Lockheed Martin has revealed new details of Cormorant, a unique unmanned combat air vehicle (UCAV) designed to be launched and recovered from a submerged submarine. Key technologies for Cormorant -- also known as the Multi-Purpose UAV (MPUAV) -- are being demonstrated under a 16-month Phase 1 contract issued to Lockheed Martin and its team-mates (including General Dynamics Electric Boat) in May 2005.
The above is from Jane's digest. If this thing is easy to lauch from a sub, would it be easy to launch and retrieve from a research ship? And would it be a good platform for a magnetometer?

Posted by Kurt | Permalink

12.03.2005 07:38

Why my blog is going away

I am getting down to the wire on my PhD. Unfortunately, this means that I have a negative amount time available to anything else until this thing gets submitted.
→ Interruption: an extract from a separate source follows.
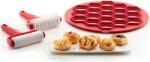 Lékué Mini Pie Making Kit mini pitekészítő készlet, 19db süteményhez, kétoldalas forma (kerek és hatszögletű), tésztavágó hengerrel és rácsozó hengerrel, műanyag, piros - 880506 (LK880506)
Plus, I need to come up with another server. My blog may be back in about Feb.

Thanks to barcode and all the others that have said that they liked/enjoyed/used my blog. It has been fun. I expect that if/when I bring my blog back, it will be with my own blogging software that is written in python. Nanoblogger has treated me well, but it is time to put some research energy into the methods and styles of weblogs/worklogs (klogs?).

Posted by Kurt | Permalink

12.01.2005 22:29

You have been warned

This blog and all of my other content on schwehr.org is going away in the next two weeks.

Debi has said that she is willing to host the archives of this blog, but it will be a month or two before I can sort out the articles that are no acceptable for display on a UCSD site.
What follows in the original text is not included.